Quand à la photographie, de nouveaux projets personnels sont en cours tel qu’une série entre expérimentation sur un territoire et introspection de celui-ci par le portrait et le vêtement. Une collaboration avec un célèbre créateur de mode viendra peut être enrichir et supporter le projet, ce serait pour moi une nouvelle occasion de transversalité dans mes recherches. J’aimerai développer autour de ce projet une nouvelle manière de montrer un projet, sortir de l’exposition classique des tirages le temps d’un instant…
Affaires à suivre …
Laura Bonnefous est photographe, elle vit et travaille à Paris. Pendant ses cinq aux Beaux Arts de Paris, un an au Otis College of art and Design de Los Angeles, deux ans à l’Ecole des Gobelins et de nombreux séjours à l’étranger, elle développe sa pratique plastique qui s’articule aujourd’hui entre séries personnelles et travail de commande. Ses projets se veulent d’ailleurs transversaux mêlant installation, mode, performance, sculpture et picturalité.

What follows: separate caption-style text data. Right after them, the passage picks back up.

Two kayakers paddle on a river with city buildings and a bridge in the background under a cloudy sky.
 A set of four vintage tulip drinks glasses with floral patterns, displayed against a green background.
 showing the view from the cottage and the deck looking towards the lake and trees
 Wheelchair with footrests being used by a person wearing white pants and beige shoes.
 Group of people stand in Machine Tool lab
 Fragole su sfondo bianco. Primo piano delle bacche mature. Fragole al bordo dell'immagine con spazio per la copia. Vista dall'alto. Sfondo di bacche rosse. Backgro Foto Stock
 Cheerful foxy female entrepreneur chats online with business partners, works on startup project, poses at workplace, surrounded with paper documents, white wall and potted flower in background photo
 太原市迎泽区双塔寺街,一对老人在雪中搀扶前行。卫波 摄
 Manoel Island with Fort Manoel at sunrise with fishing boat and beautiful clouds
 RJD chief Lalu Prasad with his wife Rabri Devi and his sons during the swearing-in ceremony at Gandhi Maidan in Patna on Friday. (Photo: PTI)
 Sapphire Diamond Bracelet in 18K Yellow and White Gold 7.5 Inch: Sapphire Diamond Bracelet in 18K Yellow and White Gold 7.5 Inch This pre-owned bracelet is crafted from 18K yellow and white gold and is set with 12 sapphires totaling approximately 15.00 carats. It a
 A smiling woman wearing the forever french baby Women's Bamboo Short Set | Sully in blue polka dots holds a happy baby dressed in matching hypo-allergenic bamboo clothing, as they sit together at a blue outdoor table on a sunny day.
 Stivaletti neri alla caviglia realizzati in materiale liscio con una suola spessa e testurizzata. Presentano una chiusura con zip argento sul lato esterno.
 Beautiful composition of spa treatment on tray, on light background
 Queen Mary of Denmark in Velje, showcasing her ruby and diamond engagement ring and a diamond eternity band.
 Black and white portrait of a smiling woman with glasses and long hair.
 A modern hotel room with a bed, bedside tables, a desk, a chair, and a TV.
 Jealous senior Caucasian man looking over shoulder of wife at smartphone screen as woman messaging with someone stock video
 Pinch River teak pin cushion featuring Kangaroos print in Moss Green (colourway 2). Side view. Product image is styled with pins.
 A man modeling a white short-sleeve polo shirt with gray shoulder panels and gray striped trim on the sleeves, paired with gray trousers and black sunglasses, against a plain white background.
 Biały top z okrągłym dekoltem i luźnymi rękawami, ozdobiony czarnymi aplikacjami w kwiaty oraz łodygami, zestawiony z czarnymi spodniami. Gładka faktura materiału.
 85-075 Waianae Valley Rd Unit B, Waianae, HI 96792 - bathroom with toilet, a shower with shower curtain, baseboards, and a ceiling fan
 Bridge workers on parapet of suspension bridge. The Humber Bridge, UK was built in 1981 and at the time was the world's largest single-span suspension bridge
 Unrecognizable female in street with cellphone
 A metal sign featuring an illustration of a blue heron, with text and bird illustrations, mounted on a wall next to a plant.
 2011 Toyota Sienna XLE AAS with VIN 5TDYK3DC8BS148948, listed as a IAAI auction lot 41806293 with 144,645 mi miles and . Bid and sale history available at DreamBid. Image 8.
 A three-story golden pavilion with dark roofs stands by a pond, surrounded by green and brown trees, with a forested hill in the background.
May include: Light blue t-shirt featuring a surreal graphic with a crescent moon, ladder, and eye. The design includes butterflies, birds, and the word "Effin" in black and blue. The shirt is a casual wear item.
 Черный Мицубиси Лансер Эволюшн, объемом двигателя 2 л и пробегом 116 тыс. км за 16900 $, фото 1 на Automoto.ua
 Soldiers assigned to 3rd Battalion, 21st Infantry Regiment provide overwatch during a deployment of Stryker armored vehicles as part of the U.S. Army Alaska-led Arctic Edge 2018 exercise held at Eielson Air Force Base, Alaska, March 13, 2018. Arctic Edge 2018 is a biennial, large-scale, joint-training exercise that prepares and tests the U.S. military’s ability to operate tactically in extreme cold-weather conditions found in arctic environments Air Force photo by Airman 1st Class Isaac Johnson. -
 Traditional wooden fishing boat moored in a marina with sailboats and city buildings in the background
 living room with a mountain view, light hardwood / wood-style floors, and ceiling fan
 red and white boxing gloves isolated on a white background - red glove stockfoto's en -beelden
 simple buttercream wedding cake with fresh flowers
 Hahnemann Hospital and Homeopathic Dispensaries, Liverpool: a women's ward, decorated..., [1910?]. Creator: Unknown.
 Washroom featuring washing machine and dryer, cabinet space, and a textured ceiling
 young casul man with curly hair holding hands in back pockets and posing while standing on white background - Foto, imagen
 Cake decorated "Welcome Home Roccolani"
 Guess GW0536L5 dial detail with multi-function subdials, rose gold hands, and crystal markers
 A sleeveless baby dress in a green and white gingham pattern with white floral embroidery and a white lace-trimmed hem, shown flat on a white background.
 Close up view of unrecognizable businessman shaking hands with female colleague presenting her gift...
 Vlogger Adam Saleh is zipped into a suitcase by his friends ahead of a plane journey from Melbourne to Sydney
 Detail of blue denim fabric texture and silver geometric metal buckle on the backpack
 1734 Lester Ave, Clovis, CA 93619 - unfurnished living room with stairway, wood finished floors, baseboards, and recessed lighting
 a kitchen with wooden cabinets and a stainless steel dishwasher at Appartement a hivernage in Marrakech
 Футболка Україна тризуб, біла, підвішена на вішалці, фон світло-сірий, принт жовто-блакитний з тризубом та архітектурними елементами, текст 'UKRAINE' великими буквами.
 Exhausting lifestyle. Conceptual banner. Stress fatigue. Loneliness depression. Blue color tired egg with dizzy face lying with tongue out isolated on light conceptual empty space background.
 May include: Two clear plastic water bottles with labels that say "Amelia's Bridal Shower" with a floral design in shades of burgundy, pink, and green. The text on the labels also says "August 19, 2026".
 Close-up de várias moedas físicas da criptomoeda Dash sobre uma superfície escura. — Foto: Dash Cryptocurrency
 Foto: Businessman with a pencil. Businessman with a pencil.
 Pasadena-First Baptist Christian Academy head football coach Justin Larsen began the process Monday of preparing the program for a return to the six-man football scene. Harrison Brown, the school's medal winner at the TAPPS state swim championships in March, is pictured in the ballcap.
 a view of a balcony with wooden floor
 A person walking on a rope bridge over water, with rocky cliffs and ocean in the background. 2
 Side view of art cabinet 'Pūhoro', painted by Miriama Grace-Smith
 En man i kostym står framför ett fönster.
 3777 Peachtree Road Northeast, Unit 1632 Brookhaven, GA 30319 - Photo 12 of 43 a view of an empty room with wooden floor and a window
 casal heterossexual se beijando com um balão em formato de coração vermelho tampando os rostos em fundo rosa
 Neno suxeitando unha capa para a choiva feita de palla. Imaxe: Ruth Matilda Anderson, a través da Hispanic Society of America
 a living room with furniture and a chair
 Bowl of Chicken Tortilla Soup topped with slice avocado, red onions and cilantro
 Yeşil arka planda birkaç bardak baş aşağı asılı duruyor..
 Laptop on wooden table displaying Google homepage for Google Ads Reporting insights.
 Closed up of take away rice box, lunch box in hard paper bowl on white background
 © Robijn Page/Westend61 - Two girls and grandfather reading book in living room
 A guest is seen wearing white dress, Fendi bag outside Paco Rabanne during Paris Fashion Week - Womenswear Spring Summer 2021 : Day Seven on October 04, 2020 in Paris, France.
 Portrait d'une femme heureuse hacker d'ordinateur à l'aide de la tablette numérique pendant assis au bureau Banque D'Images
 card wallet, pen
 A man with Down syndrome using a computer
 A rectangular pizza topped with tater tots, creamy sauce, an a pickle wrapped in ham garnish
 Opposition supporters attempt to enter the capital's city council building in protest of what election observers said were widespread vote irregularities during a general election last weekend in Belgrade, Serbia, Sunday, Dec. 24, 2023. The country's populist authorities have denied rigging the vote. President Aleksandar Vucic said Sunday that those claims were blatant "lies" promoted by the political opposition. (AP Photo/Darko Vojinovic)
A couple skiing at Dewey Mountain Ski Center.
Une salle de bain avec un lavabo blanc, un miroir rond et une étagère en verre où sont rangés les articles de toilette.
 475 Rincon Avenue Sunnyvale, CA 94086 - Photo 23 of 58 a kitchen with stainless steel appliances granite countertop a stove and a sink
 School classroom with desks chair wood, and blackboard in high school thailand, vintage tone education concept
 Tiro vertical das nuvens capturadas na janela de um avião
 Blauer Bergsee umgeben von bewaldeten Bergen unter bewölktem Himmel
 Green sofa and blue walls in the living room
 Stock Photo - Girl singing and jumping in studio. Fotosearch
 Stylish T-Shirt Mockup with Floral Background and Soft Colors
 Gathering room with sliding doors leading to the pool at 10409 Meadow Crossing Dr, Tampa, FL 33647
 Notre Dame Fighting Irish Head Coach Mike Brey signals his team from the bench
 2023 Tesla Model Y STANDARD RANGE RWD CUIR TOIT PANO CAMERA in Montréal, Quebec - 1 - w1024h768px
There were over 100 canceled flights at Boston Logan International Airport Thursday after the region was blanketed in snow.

Elle réalise des expositions, résidences et concours en France et à l’étranger comme le 104 à Paris en 2009, la Cité Internationale des Arts, le festival de photographie de Arles ces trois dernières années, le Musée d’art contemporain de Bangkok, le Onishi Studio au Japon ou le parcours Saint Germain. En 2014, elle compte parmi les finalistes du Prix Picto et de la Bourse du Talent. En 2015 elle rejoint les 30 Under 30 Womens Photographers, remporte la Bourse du talent #63 exposée fin 2015 à la BNF. Elle est aussi Lauréate du Prix Picto 2015 et du Prix Spécial des Directeurs de création. En 2016, elle compte parmi les lauréats du Prix du club des directeurs artistiques et des photographes européens sélectionnés pour le festival des Voies Off à Arles. Plus récemment elle est finaliste du Prix de photographie de l’Académie des Beaux arts et a réalise son premier film court diffusé en exclusivité sur NOWNESS puis le magazine Numéro au printemps 2017. Elle présente en parallèle Périphéries Intérieures, une exposition personnelle pour le Mois de la Photo du Grand Paris 2017 et Out of Line à la galerie de la Fontaine Obscure à Aix en Provence. Elle a exposé Périphéries Intérieures à la Galerie de la Fnac des Ternes à Paris.